| INSTRUCTIONS TO FOLLOW |
Your answer should be the exact lines of the records, starting with the one containing "岩田剛典、初の医師役で白衣＆メガネビジュアル初公開「新鮮な気持ちで」" and running to the end.

Entries taken from a collection
┌──

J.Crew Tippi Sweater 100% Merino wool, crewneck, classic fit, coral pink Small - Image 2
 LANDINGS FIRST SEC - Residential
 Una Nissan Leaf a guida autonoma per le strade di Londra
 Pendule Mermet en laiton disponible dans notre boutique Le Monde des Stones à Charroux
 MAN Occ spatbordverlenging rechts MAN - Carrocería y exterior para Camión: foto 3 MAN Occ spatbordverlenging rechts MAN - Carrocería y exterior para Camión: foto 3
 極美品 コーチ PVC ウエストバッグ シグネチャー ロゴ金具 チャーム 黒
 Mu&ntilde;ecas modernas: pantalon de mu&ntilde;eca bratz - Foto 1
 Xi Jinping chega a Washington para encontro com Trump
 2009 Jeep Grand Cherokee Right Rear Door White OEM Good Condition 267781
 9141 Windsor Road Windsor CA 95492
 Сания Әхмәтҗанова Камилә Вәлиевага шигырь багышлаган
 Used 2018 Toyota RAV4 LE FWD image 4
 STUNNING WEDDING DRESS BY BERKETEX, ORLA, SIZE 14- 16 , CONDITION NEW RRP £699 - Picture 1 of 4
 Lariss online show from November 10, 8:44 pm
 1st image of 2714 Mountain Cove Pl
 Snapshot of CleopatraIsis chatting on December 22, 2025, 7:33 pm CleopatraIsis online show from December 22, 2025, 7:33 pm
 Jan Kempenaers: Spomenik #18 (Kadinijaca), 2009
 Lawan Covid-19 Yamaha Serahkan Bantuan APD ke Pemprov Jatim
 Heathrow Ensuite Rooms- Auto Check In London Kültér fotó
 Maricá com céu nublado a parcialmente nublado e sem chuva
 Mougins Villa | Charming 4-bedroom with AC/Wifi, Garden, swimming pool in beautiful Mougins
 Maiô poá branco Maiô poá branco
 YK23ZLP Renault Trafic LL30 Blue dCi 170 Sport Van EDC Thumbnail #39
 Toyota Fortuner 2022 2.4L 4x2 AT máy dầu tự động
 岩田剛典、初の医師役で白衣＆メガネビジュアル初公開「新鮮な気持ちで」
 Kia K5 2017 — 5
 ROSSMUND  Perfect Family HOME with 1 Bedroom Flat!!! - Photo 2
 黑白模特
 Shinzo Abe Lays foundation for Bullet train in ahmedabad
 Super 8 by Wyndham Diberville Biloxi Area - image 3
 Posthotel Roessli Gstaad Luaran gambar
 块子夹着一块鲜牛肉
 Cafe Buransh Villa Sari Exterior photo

└──

| TASK RESULT |
 岩田剛典、初の医師役で白衣＆メガネビジュアル初公開「新鮮な気持ちで」
 Kia K5 2017 — 5
 ROSSMUND  Perfect Family HOME with 1 Bedroom Flat!!! - Photo 2
 黑白模特
 Shinzo Abe Lays foundation for Bullet train in ahmedabad
 Super 8 by Wyndham Diberville Biloxi Area - image 3
 Posthotel Roessli Gstaad Luaran gambar
 块子夹着一块鲜牛肉
 Cafe Buransh Villa Sari Exterior photo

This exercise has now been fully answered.